Alfredo Nascimento - Deputado federal pelo PR

Será investigado por corrupção  e lavagem de dinheiro. Foi citado por quatro ex-executivos da Odebrecht. Um deles,  José de Carvalho Filho relatou  ter participado de reunião com o então ministro dos Transportes  na qual  teria sido solicitada ajuda financeira  para a campanha de Alfredo no valor de R$ 200 mil por cada empresa presente no encontro. O repasse  teria sido feito em  2006 por meio de caixa 2. Em nota, Alfredo  disse que nunca teve relação com executivos e empresas. E que não fez nada de errrado. 

Eduardo Braga - Senador pelo PMDB

Será investigado com o senador Omar Aziz  por advocacia administrativa, corrupção e lavagem de dinheiro. O delator  Arnaldo de Souza e Silva revelou um  ajuste entre o Grupo Odebrecht e o então governador  Eduardo Braga para que fossem feitos pagamentos em seu favor relativos à obra da Ponte do Rio Negro. Foi apresentada uma planilha  com  repasse de R$ 1 milhão. Em nota  Eduardo Braga disse que desconhece o conteúdo das informações que levaram a PGR a pedir abertura de inquérito. 

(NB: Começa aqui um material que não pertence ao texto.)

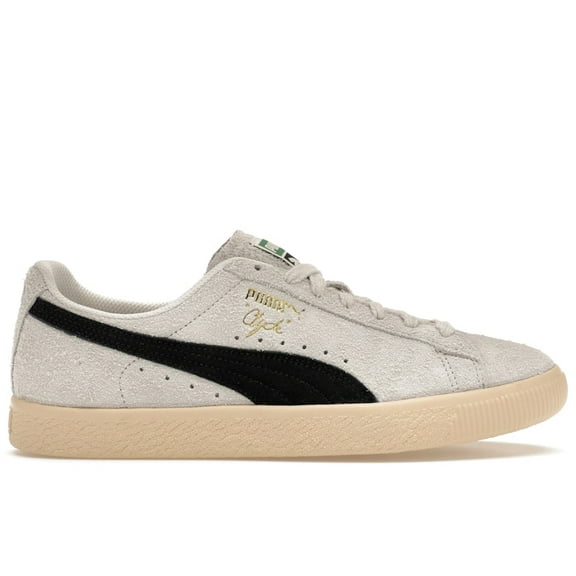 Puma Men's Clyde Hairy Suede Sedate Grey Shoes, from StockX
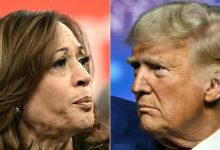 Harris, Trump barnstorm battlegrounds seeking to break deadlock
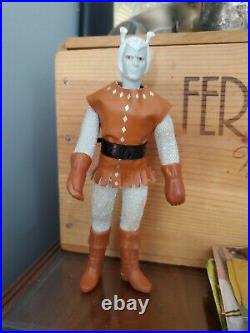 1976 Mego Andorian Star Trek Original Tv Series Alien Figure Full Outfit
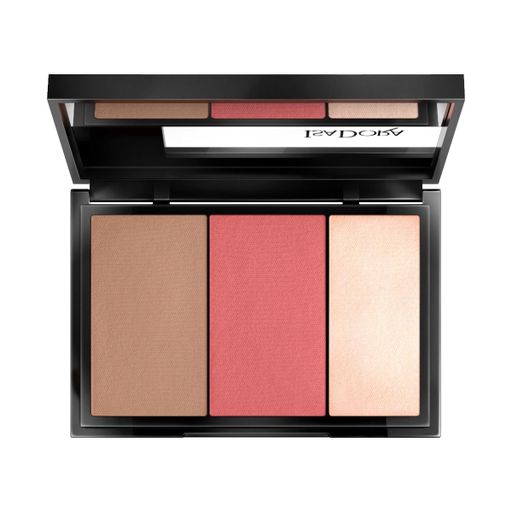 IsaDora Face Sculptor 3-in-1 Palette 63 Mauve Classic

Eron Bezerra - Ex-deputado estadual pelo PCdoB

Vai ser investigado por falsidade ideológica eleitoral com a mulher, a senadora Vanessa Grazziotin  em razão das declarações prestadas pelo delator Fernando Luiz Ayres  Reis, de que teria participado de reunião para repasse  financeiro pelo Grupo Odebrecht à parlamentar a titulo de doação para a campanha eleitoral de 2012,  sem registro oficial, quando disputou a Prefeitura de Manaus. Em nota, Eron  disse que a inclusão do nome dele na lista de Fachin não passa de ilação.

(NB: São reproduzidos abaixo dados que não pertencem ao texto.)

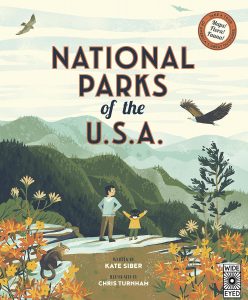 National Parks of the USA Book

Omar Aziz - Senador pelo PSD e ex-governador

Será investigado por advocacia administrativa, corrupção e lavagem de dinheiro. Segundo o delator Arnaldo e Silva, após a eleição de Braga ao  Senado, os pedidos de  propina pela construção da ponte Rio Negro passaram a ser feitos por José Lopes, empresário supostamente ligado ao então  governador Omar Aziz. Os pagamentos visavam favorecer o consórcio Camargo Corrêa/Construbase. Em nota, Omar afirmou que nunca teve relação com a Odebrecht e que a empresa não tinha contratos com o governo dele. 

Vanessa Grazziotin - Senadora pelo PCdoB

A PGR vai investigá-la por falsidade ideológica eleitoral. De acordo com a delação de Fernando Ayres  Reis, a senadora  teria recebido  repasses financeiros efetuados pelo setor de operação estruturada da   Odebrecht para sua campanha eleitoral de 2012,  quando disputou a Prefeitura de Manaus, “sem o devido registro oficial”. Em nota, a parlamentar disse que tem consciência de que não cometeu qualquer tipo de ilegalidade. Disse que confia que isso será provado com a investigação.